Axon model that takes mention pairs and features, returns coreference probability

extract_features(mention1, mention2, document \\ nil)

@spec extract_features(
  Nasty.AST.Semantic.Mention.t(),
  Nasty.AST.Semantic.Mention.t(),
  map() | nil
) ::
  Nx.Tensor.t()

Extract hand-crafted features from mention pair.

Features include:

  • Distance features (sentence, token, mention)
  • String match features (exact, partial, head)
  • Mention type features (pronoun, name, nominal)
  • Agreement features (gender, number)
  • Syntactic features (same sentence, same paragraph)

Parameters

  • mention1 - First mention
  • mention2 - Second mention
  • document - Document context (optional, for additional features)

Returns

Feature vector as tensor [feature_dim]

feature_dim()

@spec feature_dim() :: pos_integer()

Get feature dimension (number of features extracted).

score_pair(model, params, mention1_encoding, mention2_encoding, features)
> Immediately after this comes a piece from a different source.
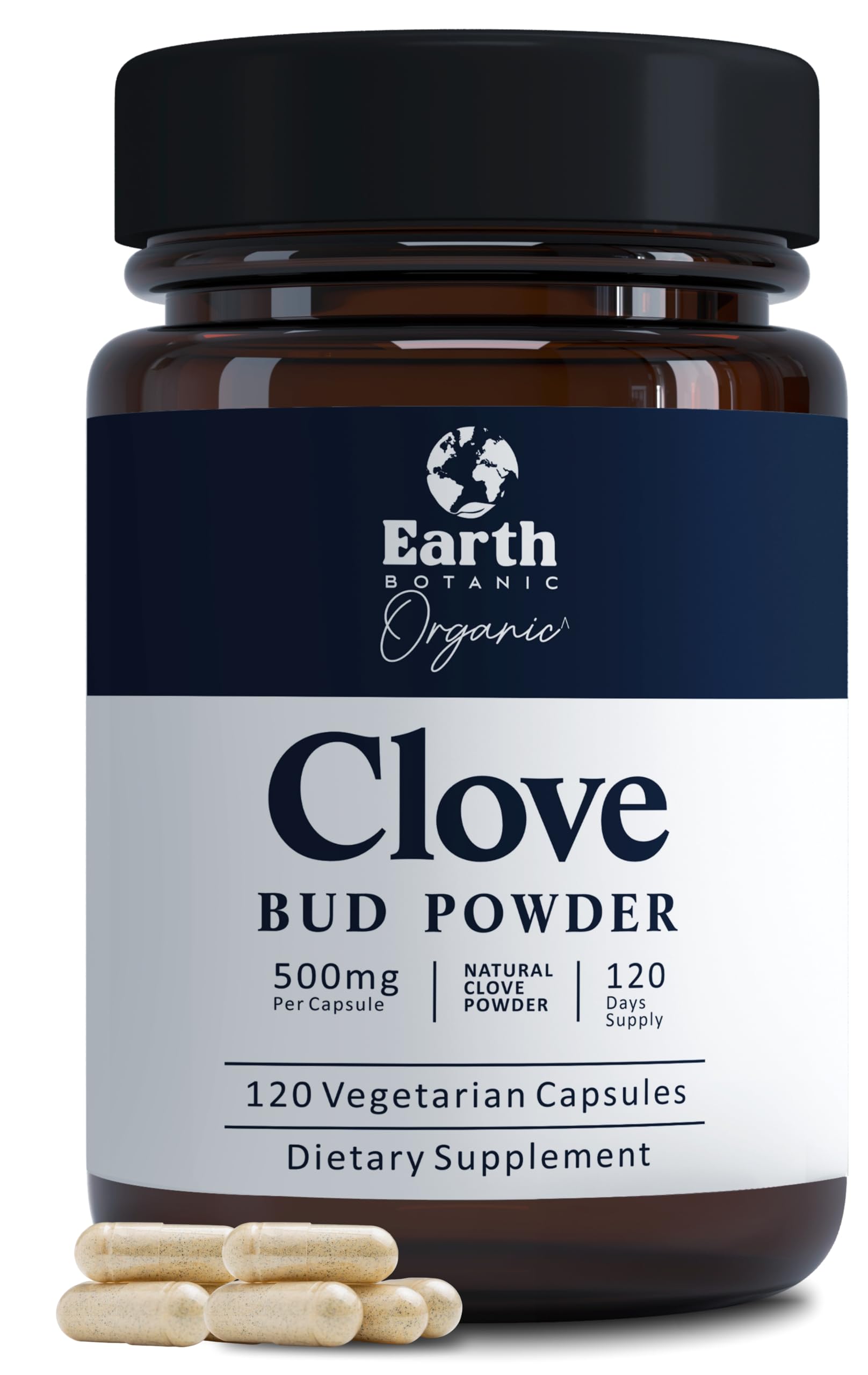 Earth BOTANIC Organic Clove Capsules 500mg front view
@spec score_pair(model(), params(), Nx.Tensor.t(), Nx.Tensor.t(), Nx.Tensor.t()) ::
  float()

Score a pair of mentions for coreference.

Parameters

  • model - Trained model
  • params - Model parameters
  • mention1_encoding - Encoding of first mention [mention_dim]
  • mention2_encoding - Encoding of second mention [mention_dim]
  • features - Hand-crafted features [feature_dim]

Returns

Probability that mentions corefer (0.0 to 1.0)